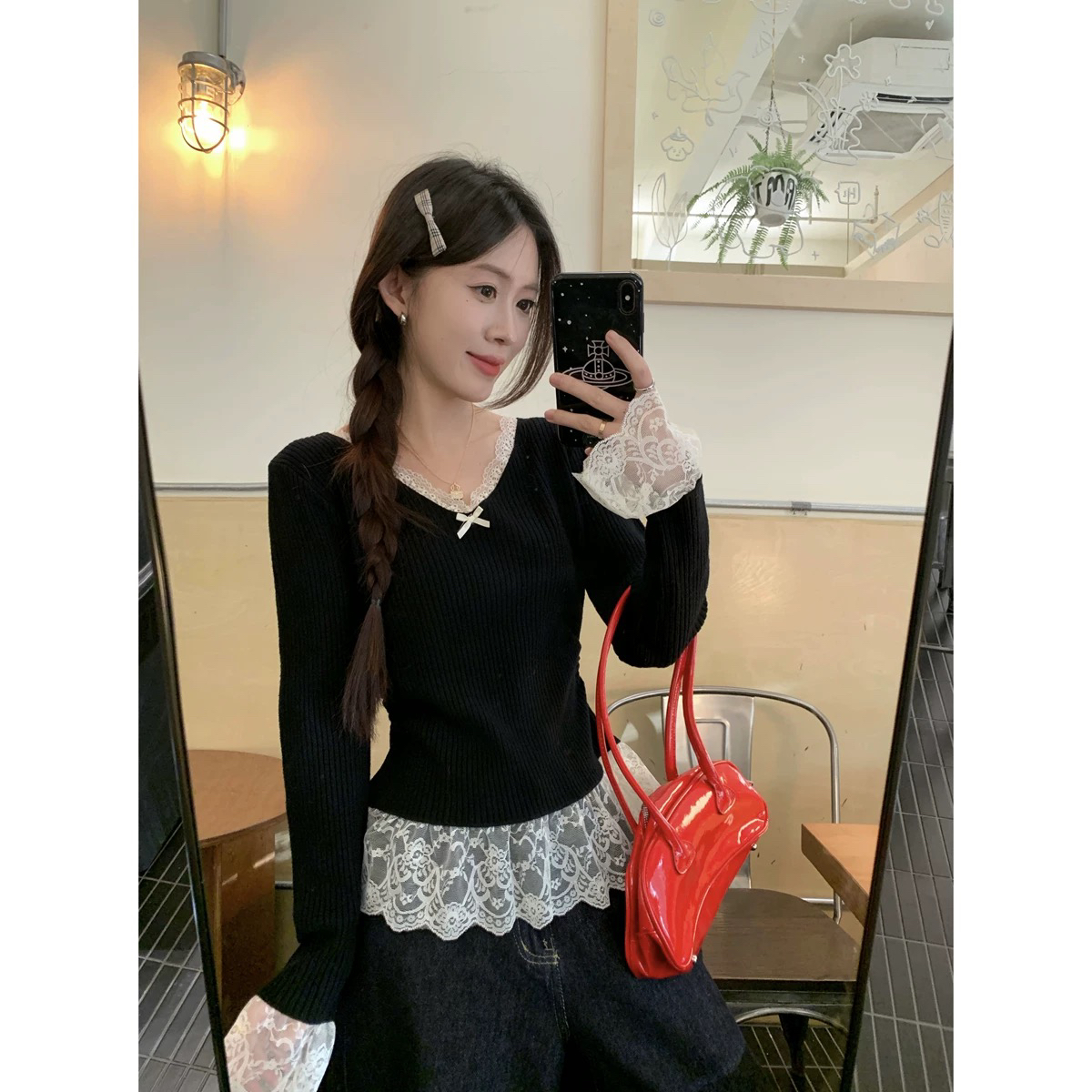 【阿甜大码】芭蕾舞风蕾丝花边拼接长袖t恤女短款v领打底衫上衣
==
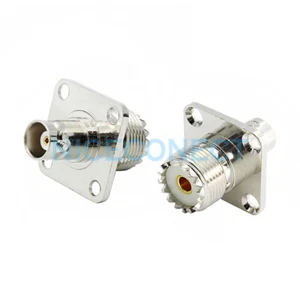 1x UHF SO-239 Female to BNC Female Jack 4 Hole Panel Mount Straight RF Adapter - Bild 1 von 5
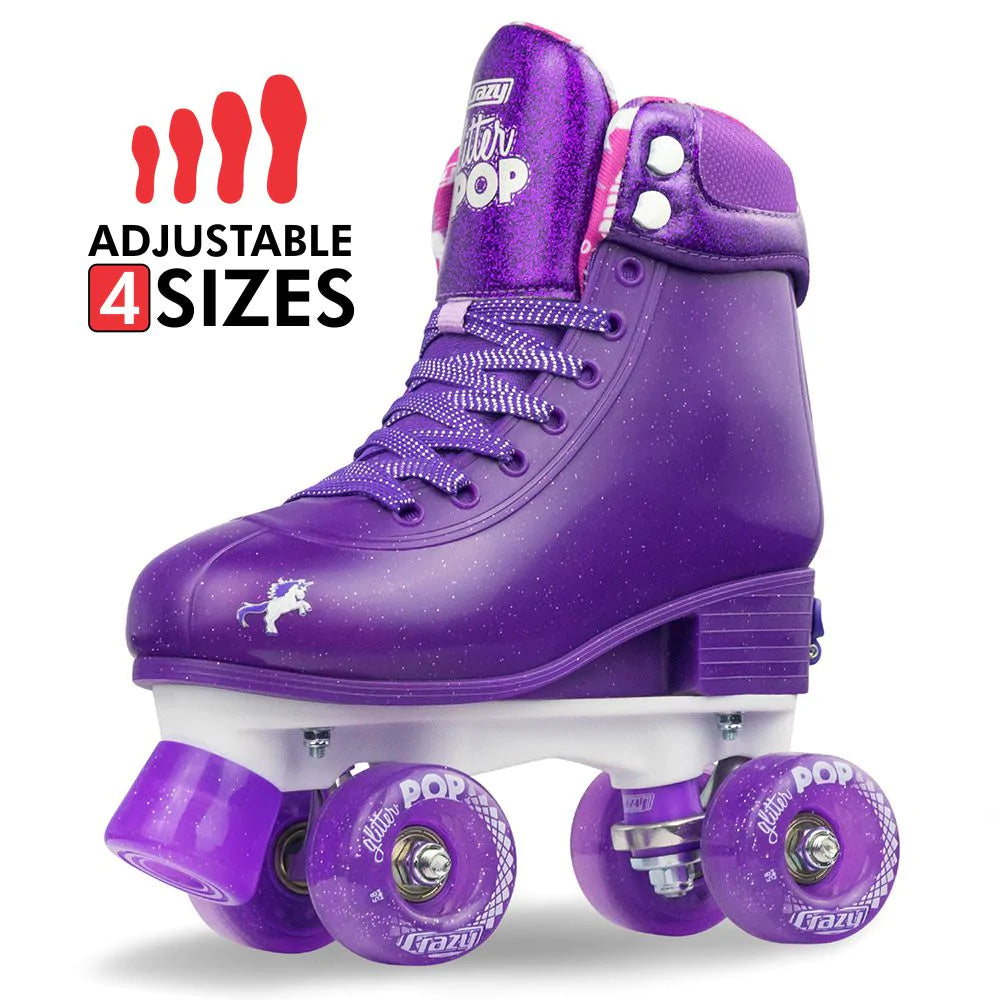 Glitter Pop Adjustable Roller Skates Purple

→ **Exercise description**
Your answer must be the exact lines from the records above, from the one containing "1x UHF SO-239" through the one containing "Glitter Pop Adjustable Roller Skates Purple", both included, with every picture left out.

→ **Finished exercise**
 1x UHF SO-239 Female to BNC Female Jack 4 Hole Panel Mount Straight RF Adapter - Bild 1 von 5
 Glitter Pop Adjustable Roller Skates Purple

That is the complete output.